I See Your Shiver with Antici…pation


Beth introduced me to the Nintendo game Anticipation, which was first released in 1988. Billed as “Nintendo’s first video board game,” it isn’t the first board game to be converted in computerized form, but it has the distinction of never having been a regular non-video board game. It’s similar to Pictionary, but instead of the players drawing pictures, the computer does.

There are several different boards (three or four depending on the difficulty level), and a player has to solve one puzzle of each color to advance to the next board.
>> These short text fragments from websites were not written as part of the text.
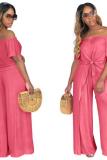 Yellow Fashion Casual asymmetrical Solid Bandage Loose Two-piece Pants Set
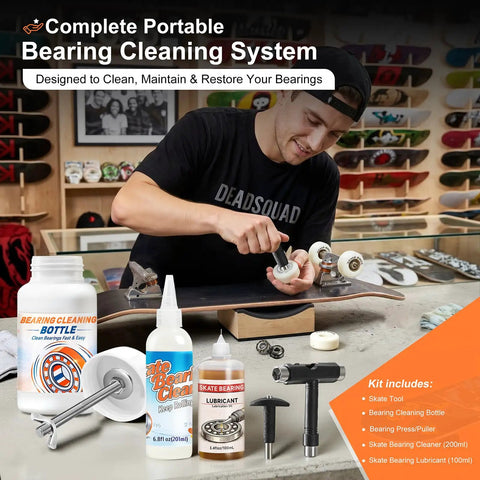 All In One Skate Bearing Cleaning Kit Portable Maintenance System With Cleaning Bottle 200ml Cleaner 100ml Lubricant Oil Bearing Press Puller And T Tool For Skateboard And Roller Skates displayed on a workshop table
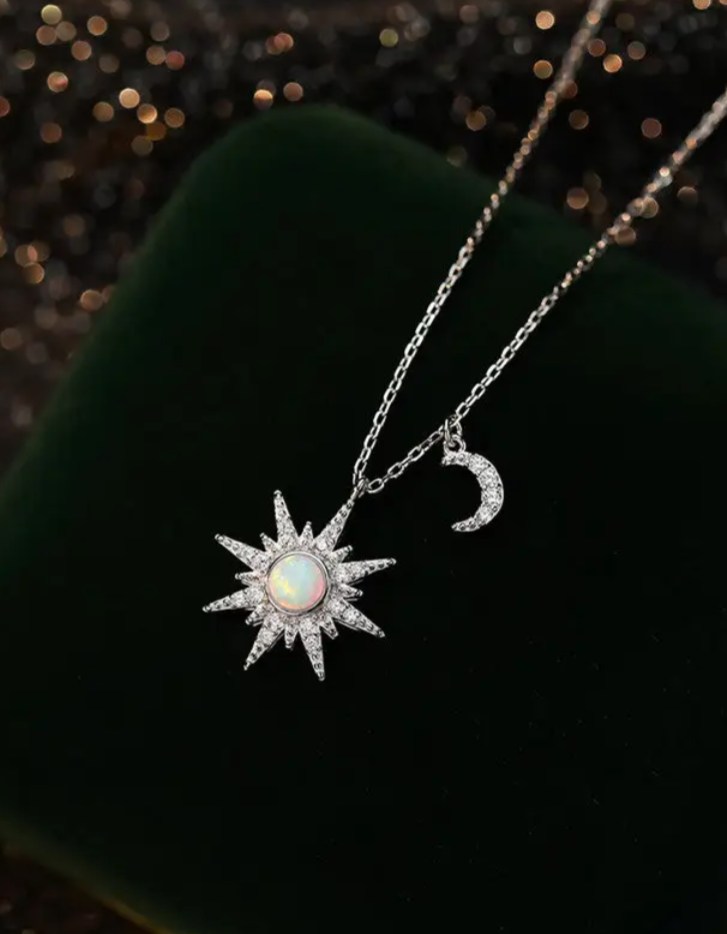 Opal Sun Moon Pendant Necklace in 925 Sterling Silver: Gold
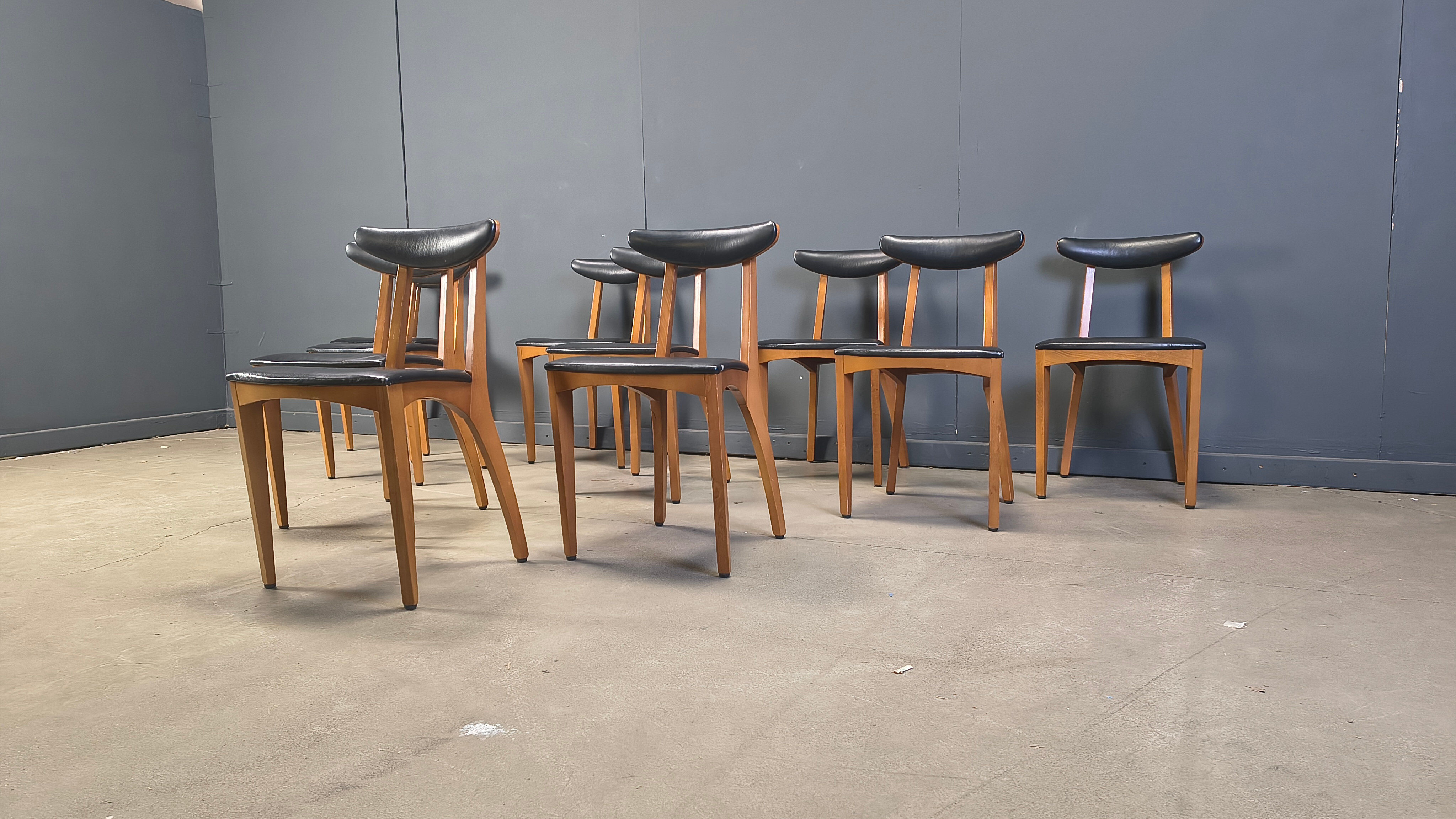 Mid-century Belgian dining chairs, set of 10, 1960s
As the system is drawing, a die counts down from six to one. When you get the answer right, the number on the die is how many spaces you move forward. As such, it’s beneficial to solve it on a number that will let you advance to another color you still need. The colors correspond to different categories, but I can’t remember what most of them are. The most memorable category is Whatchamacallit, which are basically rebuses. Obviously there are only a limited number of pictures, so the advantage is going to lie with someone who’s played the game before and has memorized some of them. That’s usually how it went down when I played it with Beth. There are still some she doesn’t know, and while it looks like GameFAQs has a list of them, I feel that looking at it would be cheating. You can have computer players that will guess randomly, sometimes getting the right answer and sometimes not. If it gets the wrong answer, it will show which letters were correct, which can be beneficial to the human players. The player tokens are a pair of shoes, a trumpet, an ice cream cone, and a teddy bear. I was reminded of this game recently by a video from James Rolfe, better known as the Angry Video Game Nerd, although this was not an AVGN video. It doesn’t really show that much of the gameplay, but does make the valid point that a lot of the pictures are of weapons.